“Mo glie faccio er cucchiaio“. Avrà pensato questo, forse con un’inflessione meno dialettale, il giovane brasiliano Maicosuel martedì sera. Un suo lob maldestro dal dischetto, emulazione troppo sbiadita di intenditori come Totti e Pirlo, ha sbattuto fuori dalla Champions l’Udinese e su tutti i giornali il volto distrutto dell’attaccante 26enne semi-sconosciuto ai più fino a quel sorso di gloria andato di traverso. Il Mago, come veniva chiamato quando vestiva la casacca del Paranà, voleva scavalcare i preliminari con un colpo di prestigio. Il godimento non ama il percorso a tappe. O, semplicemente, non l’ha mai conosciuto. Quando si dice che i giovani vogliono tutto e subito.
Maicosuel è il capro espiatorio di un fallimento che ha origine ai vertici del club friulano, laddove si celano i veri motivi dell’eliminazione dei bianconeri. Sul banco degli imputati per un passo più lungo della gamba, lo stravagante centravanti sarebbe stato sollevato al cielo per audacia e sprezzo del pericolo se la sua trovata avesse avuto miglior sorte. Inutile, dunque, barcamenarsi nelle sterili polemiche da tv a pagamento. Coraggio, irriverenza e un pizzico di presunzione: serve ad un giovane un mix di questi ingredienti per affermarsi in un calcio come quello italiano che snobba le nuove leve? Certamente. E l’Udinese è l’esempio vivente di come vanno coltivati e conservati questi talenti. L”assoluta assunzione di responsabilità di un tecnico navigato come Guidolin rientra in questa oculata politica. Sgradite sorpese sono dietro l’angolo. Attenzione a racchiudere sempre tutte le carezze in un pugno. L’esuberanza giovanile a certi livelli non va oppressa ma nemmeno abbandonata a briglie sciolte. Il desiderio di emergere dall’anonimato, di essere equiparato ai propri idoli è troppo forte. Velenoso. Se assaggiato può annichilirti. Soprattutto in Italia dove si sputano sentenze precipitose e ingenerose. Prospettive bruciate e sogni svaniti.
La cantera del Barcellona è una fucina di piccoli geni del pallone. Spediti in campo ancora minorenni, una prova del fuoco ritenuta erroneamente un azzardo nel nostro Paese. Ma gli estrosi piccoli calciatori provengono da anni di regole e disciplina tattica per evitare lo straripamento dell’ego. Schierati nell’undici titolare, finiscono sotto l’ala protettrice di lupi anziani come Messi, Iniesta, Xavi, Puyol.
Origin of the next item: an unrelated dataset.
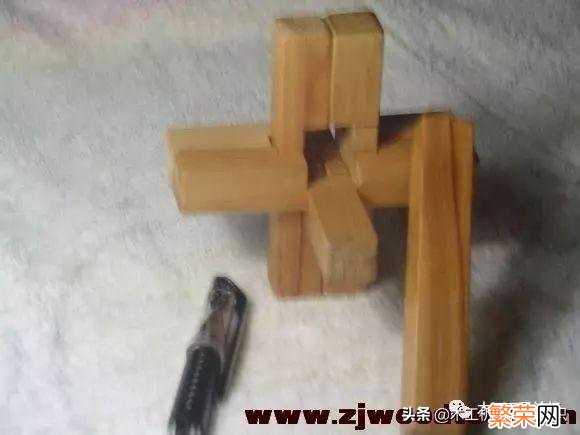 12根鲁班锁有哪几种 鲁班锁12根拼装步骤图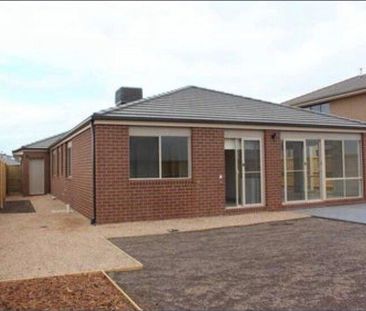 Werribee - Photo 1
Evidenti le frecciate intimidatorie e le bacchettate ad alto volume ogni qualvolta il bambino d’oro di turno si avventuri fuori dal seminato. Così si cresce.
Fuoriclasse si nasce, campioni si diventa. Le doti da predestinato vanno plasmate con cura, dentro e fuori dal rettangolo verde, per consentire al bocciolo di rosa di germogliare. Un gioiellino da salvaguardare soggiorna anche alle pendici del Vesuvio e veste la maglia numero 24. Lorenzo Insigne ha classe da vendere e il difficile compito di palesarla nella sua città natale, crocevia di pretese e contraddizioni. La società e il tecnico sono al suo fianco, sta a lui recepire nel modo giusto insegnamenti e avvertimenti. Nella sua prima apparizione al San Paolo contro il Bayer Leverkusen ha entusiasmato il pubblico con numeri da circo e assist al bacio. Troppo presto, però, si è lasciato trascinare dal boato della sua gente e nel secondo tempo ha cercato troppo spesso la soluzione personale escludendo i compagni dal suo show. Sostituito negli ultimi minuti, si è dovuto sorbire l’immediata paternale di Mazzarri. Messaggio chiaro: il bene della squadra prima di tutto. I successi del singolo sono avvinghiati al cammino del gruppo. E questo il ragazzo di Frattamaggiore doveva digerirlo sin da subito. Essenziale per la sua maturazione. La sua disponibilità e duttilità tattica dimostrate già a Palermo sono feedback rassicuranti.
Un plauso va fatto anche al mondo mediatico napoletano. Nella prima uscita stagionale il “Magnifico” non ha impressionato come altre volte. Potrà capitare in più di un’occasione, è tipico della sua giovane età. Non va assillato nè responsabilizzato troppo, ma solo spronato. Ci si attendeva qualche critica, malumori anche dall’opinione pubblica. Non c’è stato nulla di tutto questo. Napoli e il Napoli hanno finalmente intrapreso lo stesso sentiero. Un campo arato con diligenza dove i frutti migliori, prima o poi, renderanno saporitissimo il raccolto.